Retype, word for word, every line starting at the line with "Nuoto handbag I" and ending with the final line of the entries; skip the pictures.

[Data excerpts]
◆ ◆ ◆ ◆
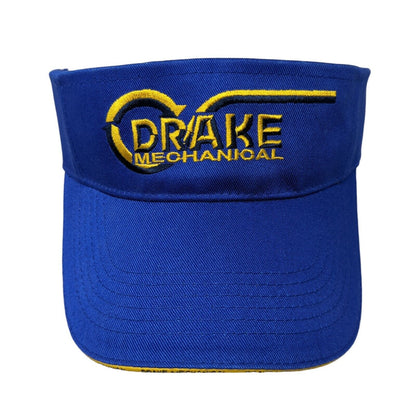 Drake Mechanical Strapback Sun Visor Hat Blue One Size Adjustable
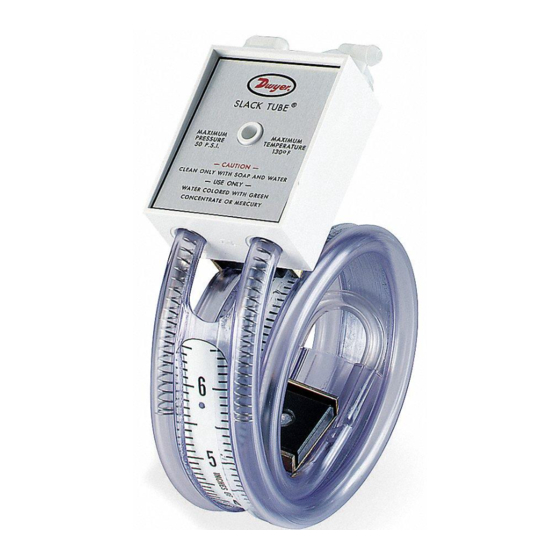 Dwyer Instruments Slack-Tube 1211-8 Instructions And Operation
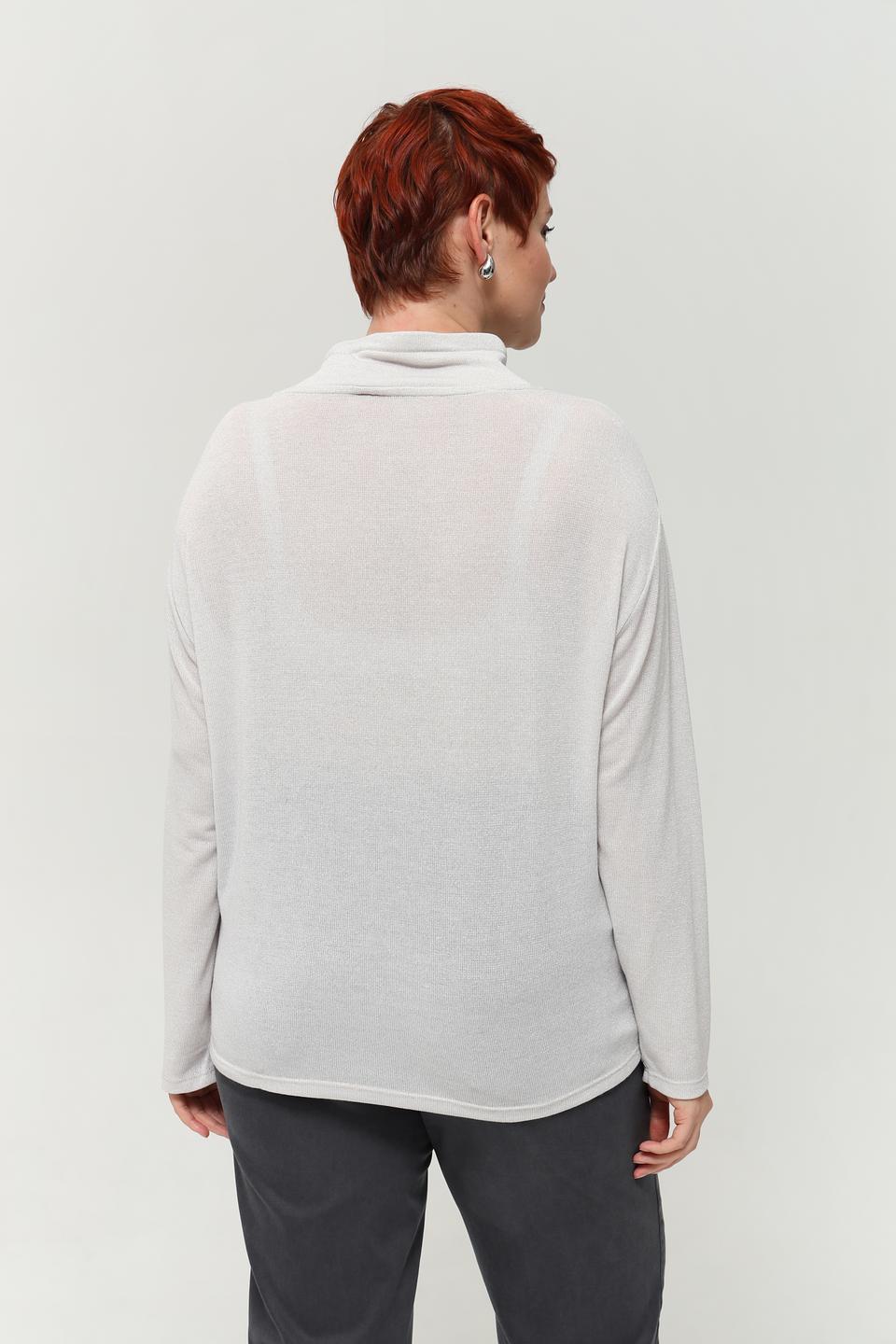 Пуловер Lebek с принтом серый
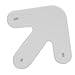 Arrowhead Flip Light Night Lamp with Sticker Personalization for Bedroom Table Decor, Educational Science Tool for Students, Ideal for Wedding Birthday Parties Decor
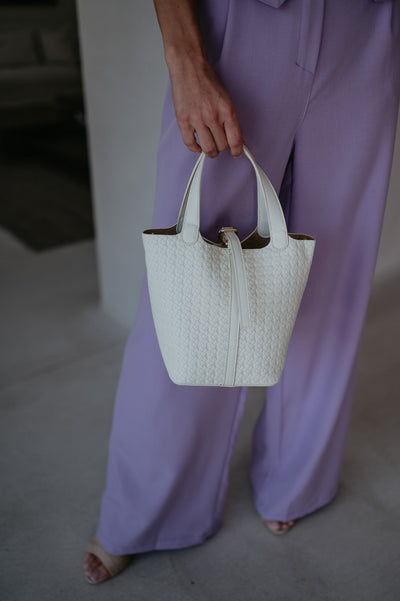 Nuoto handbag I Ecru - Wild Souls by JV® - Handbags
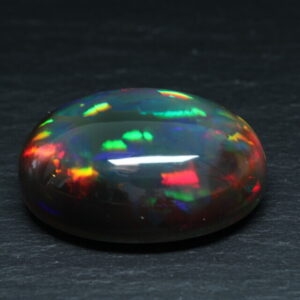 Black opal with GIA certificate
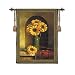 Sunflower with Persian Rug Tapestry Wallhanging Comes With Wall Hanging Rod a...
◆ ◆ ◆ ◆
Response below »
 Nuoto handbag I Ecru - Wild Souls by JV® - Handbags
 Black opal with GIA certificate
 Sunflower with Persian Rug Tapestry Wallhanging Comes With Wall Hanging Rod a...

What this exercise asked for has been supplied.